Ibsen’s great tragedy is mysterious and upsetting but also off-center, a bleak romance driven not by the characters’ love for each other but their love for their own cynicism. It’s as glum as a Norwegian winter but it crackles with brittle comedy. Hedda herself — played by Katie Gilchrist as a dazzling monster — could, in a sensible world, turn her intelligence to worthwhile work, but in old Norway, she has married a man whom she despises, and she can find nothing better to do with herself than dream of burning the hair of a girl she bullied growing up (in its 118-year-old way, the play manages to address cruelty and “cutting” among the Hot-Topic set). Trapped in a society that values only her beauty, Hedda — like some nightmare of Edith Wharton’s — passes her days wrecking that society.

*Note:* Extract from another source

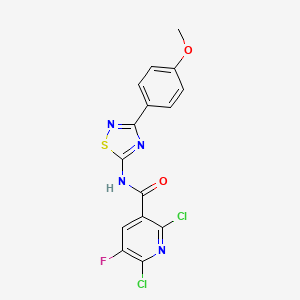 2,6-dichloro-5-fluoro-N-[3-(4-methoxyphenyl)-1,2,4-thiadiazol-5-yl]pyridine-3-carboxamide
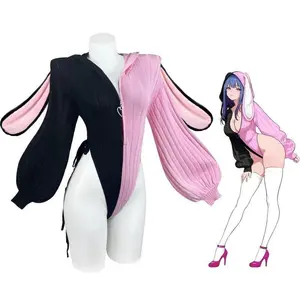 Cute Knitted Bunny Suit Christmas with Fuzzy Rabbit Ears Anime Cosplay Costume Underwear for Women Plus Size Lingerie Fancy Nancy Outfits for Halloween Jumpsuit Black Clothes Womenswear Everyday Soft Fabric Love Matching Streetwear Style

At least, that’s what I always got from Hedda. In this production, as I tried to work out the why of her awfulness and discover what humanness in her has collapsed, I began to suspect that MET is still working it out, too.
At times, working it out seems a challenge that the company isn’t ready for, because the actors have trouble merely getting Upton’s lines out. In Upton’s adaptation, the characters are continually interrupting each other — a trick that Paisley’s cast hasn’t mastered. A character will say something like “That’s right, but — ” only to be cut off by someone else, but again and again the rhythms are off. We hear the dash, and a fumbling pause, and only then, when it’s clear that the actor is waiting to be interrupted, does the interruption come.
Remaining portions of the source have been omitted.